START Dataset

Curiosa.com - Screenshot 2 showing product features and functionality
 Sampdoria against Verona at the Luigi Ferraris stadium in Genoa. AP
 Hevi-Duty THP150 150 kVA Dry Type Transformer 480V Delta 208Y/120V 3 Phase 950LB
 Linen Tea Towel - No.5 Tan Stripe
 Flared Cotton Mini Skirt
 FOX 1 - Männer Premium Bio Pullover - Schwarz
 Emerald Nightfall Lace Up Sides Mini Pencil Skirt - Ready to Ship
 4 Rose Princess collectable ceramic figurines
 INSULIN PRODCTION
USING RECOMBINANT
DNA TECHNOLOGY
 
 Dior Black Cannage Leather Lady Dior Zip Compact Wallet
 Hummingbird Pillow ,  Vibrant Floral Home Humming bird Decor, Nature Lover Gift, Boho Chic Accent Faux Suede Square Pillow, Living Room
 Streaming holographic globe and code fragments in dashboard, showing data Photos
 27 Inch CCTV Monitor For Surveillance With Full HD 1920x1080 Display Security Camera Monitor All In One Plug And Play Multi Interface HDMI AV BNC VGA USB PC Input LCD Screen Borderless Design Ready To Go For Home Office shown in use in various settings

END Dataset

- The task -
Return the lines above that include the string "Ready".

- Answer space -
 Emerald Nightfall Lace Up Sides Mini Pencil Skirt - Ready to Ship
 27 Inch CCTV Monitor For Surveillance With Full HD 1920x1080 Display Security Camera Monitor All In One Plug And Play Multi Interface HDMI AV BNC VGA USB PC Input LCD Screen Borderless Design Ready To Go For Home Office shown in use in various settings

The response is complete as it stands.